**Task material**
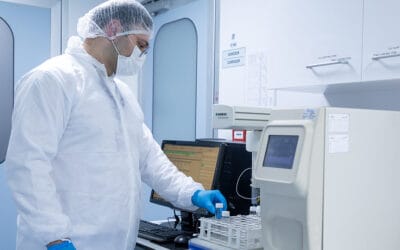 Atabay, Ar-Ge’de İlaç Sektörünün İlk 10’unda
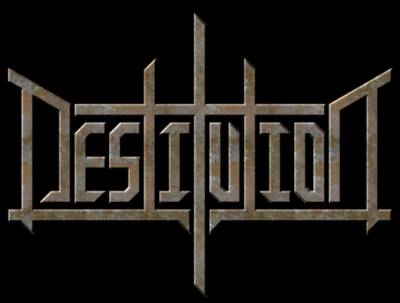 logo Destitution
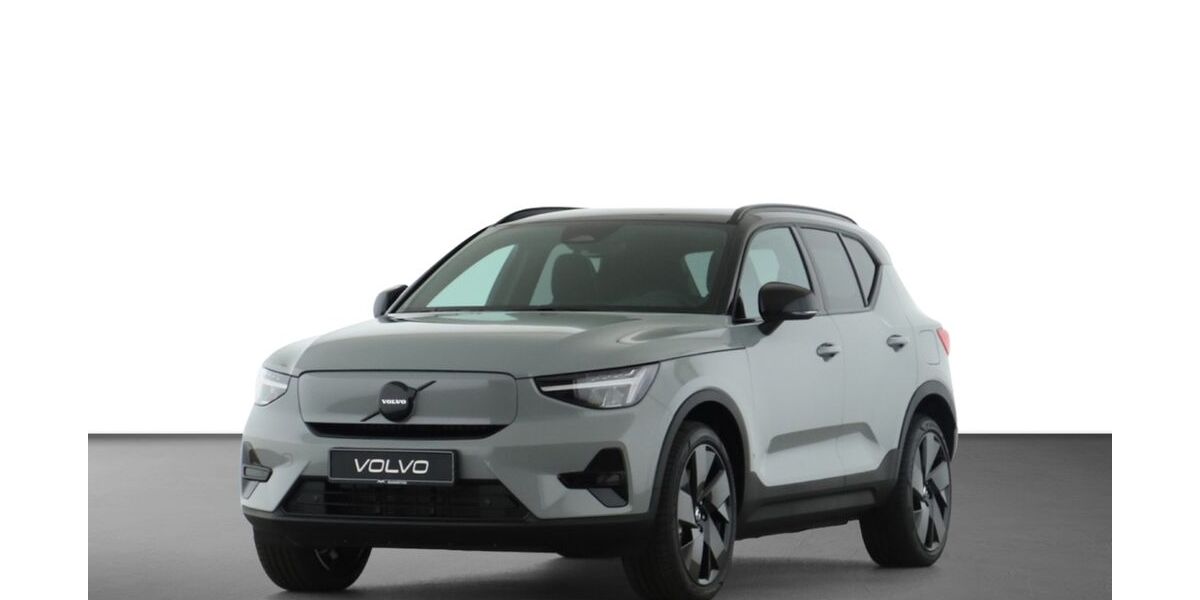 Volvo EX40 4.900 km 58.490 &euro; Paderborn 33106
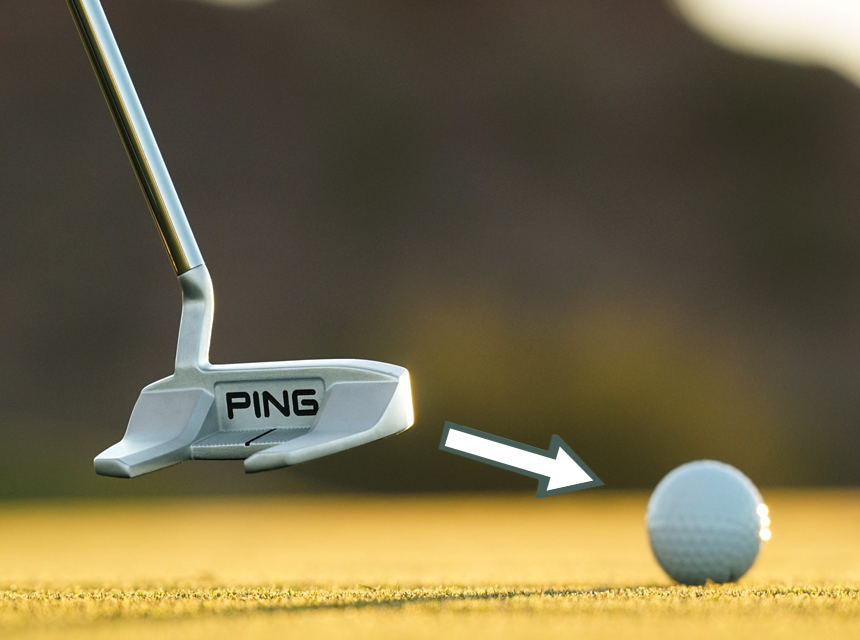 5 Best High MOI Putters – Improve Your Golf Putting Skills!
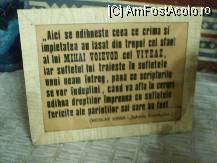 [P02] Inscripţia de pe mormântul lui Mihai Viteazul » foto by alela
 - 
<span class="allrVoted glyphicon glyphicon-heart hidden" id="av21922"></span>
<a class="m-l-10 hidden" id="sv21922" onclick="voting_Foto_DelVot(,21922,3568)" role="button">șterge vot <span class="glyphicon glyphicon-remove"></span></a>
<a id="v921922" class=" c-red"  onclick="voting_Foto_SetVot(21922)" role="button"><span class="glyphicon glyphicon-heart-empty"></span> <b>LIKE</b> = Votează poza</a> <img class="hidden"  id="f21922W9" src="/imagini/loader.gif" border="0" /><span class="AjErrMes hidden" id="e21922ErM"></span>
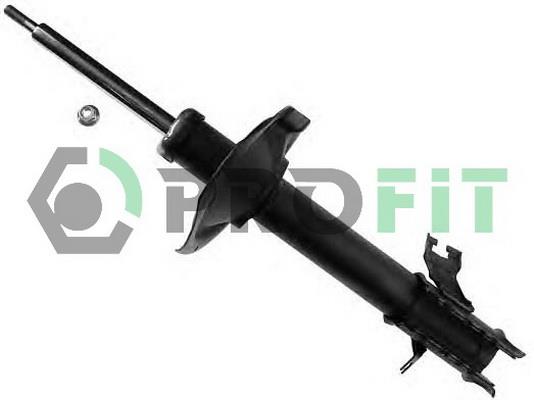 Profit 2004-0912 Front right gas oil shock absorber 20040912: Buy near me in Poland at 2407.PL - Good price!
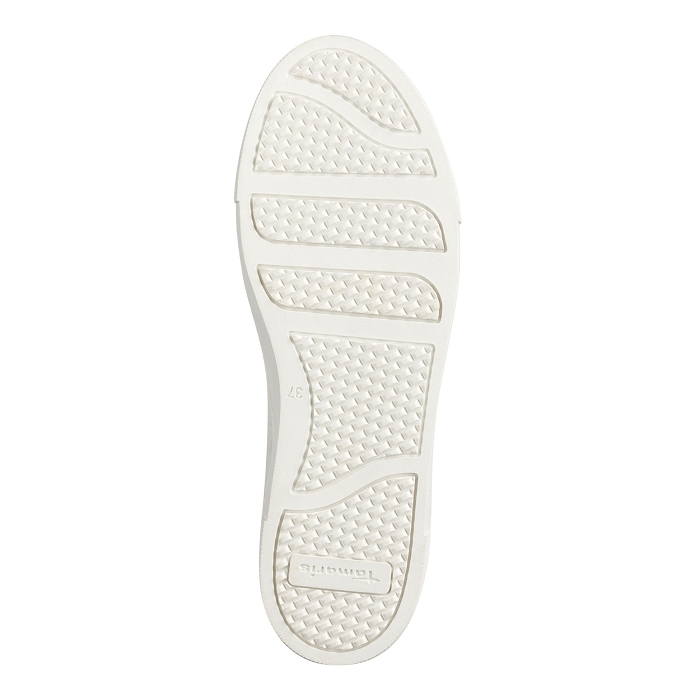 Tamaris 23313 20 lacets blanc1686001_4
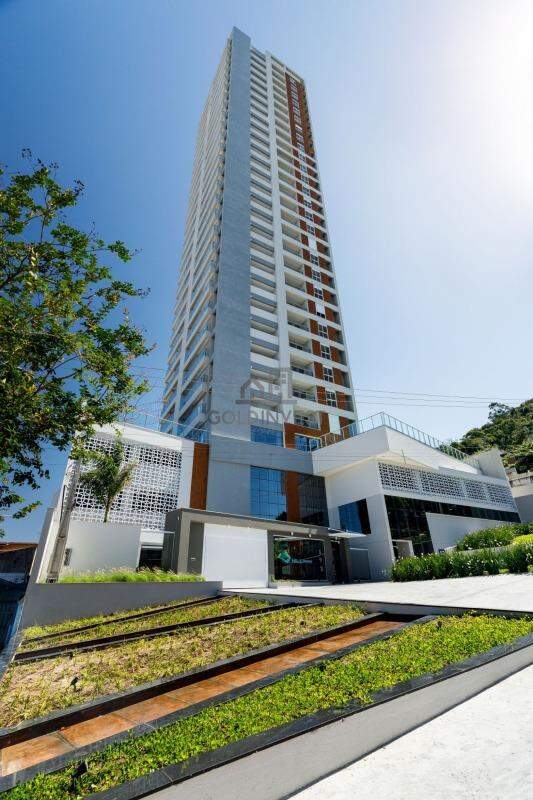 Apartamento de 2 quartos, 69m² no bairro Praia Brava de Itajaí, em Itajaí | Eu Corretor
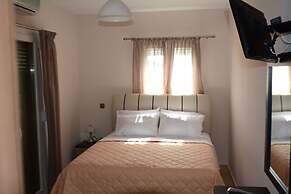 Palaiologou Panorama Apartments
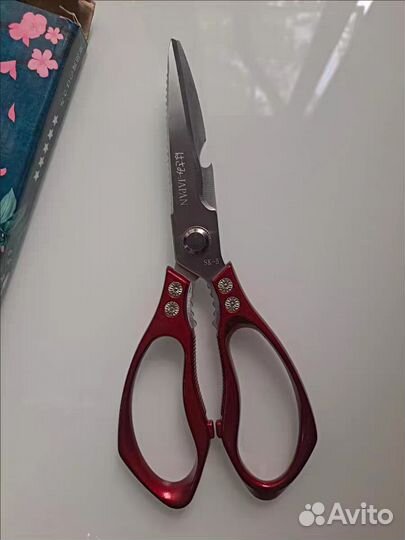 Японские универсальные ножницы SK-5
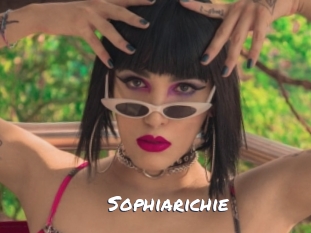 sophiarichie Ochranne Siete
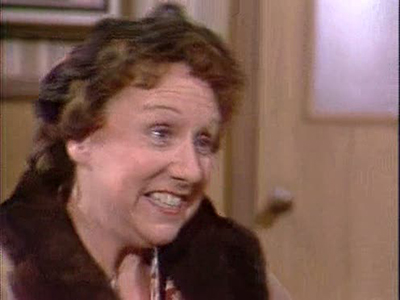 Click to watch 'Stephanies Conversion' (popup) All In The Family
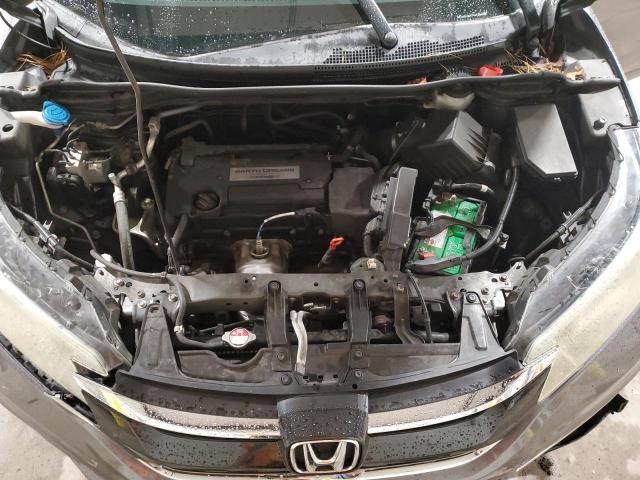 2HKRM4H72FH655857 Honda CR-V EXL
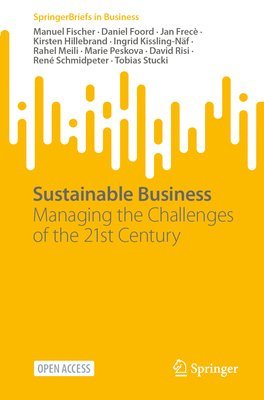 Sustainable Business 1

**Exercise prompt**
Exclude all pictures and reproduce verbatim the lines running from the line that contains "Японские универсальные ножницы SK-5" to the end of the data above, both ends included.

**Output for this exercise**
 Японские универсальные ножницы SK-5
 sophiarichie Ochranne Siete
 Click to watch 'Stephanies Conversion' (popup) All In The Family
 2HKRM4H72FH655857 Honda CR-V EXL
 Sustainable Business 1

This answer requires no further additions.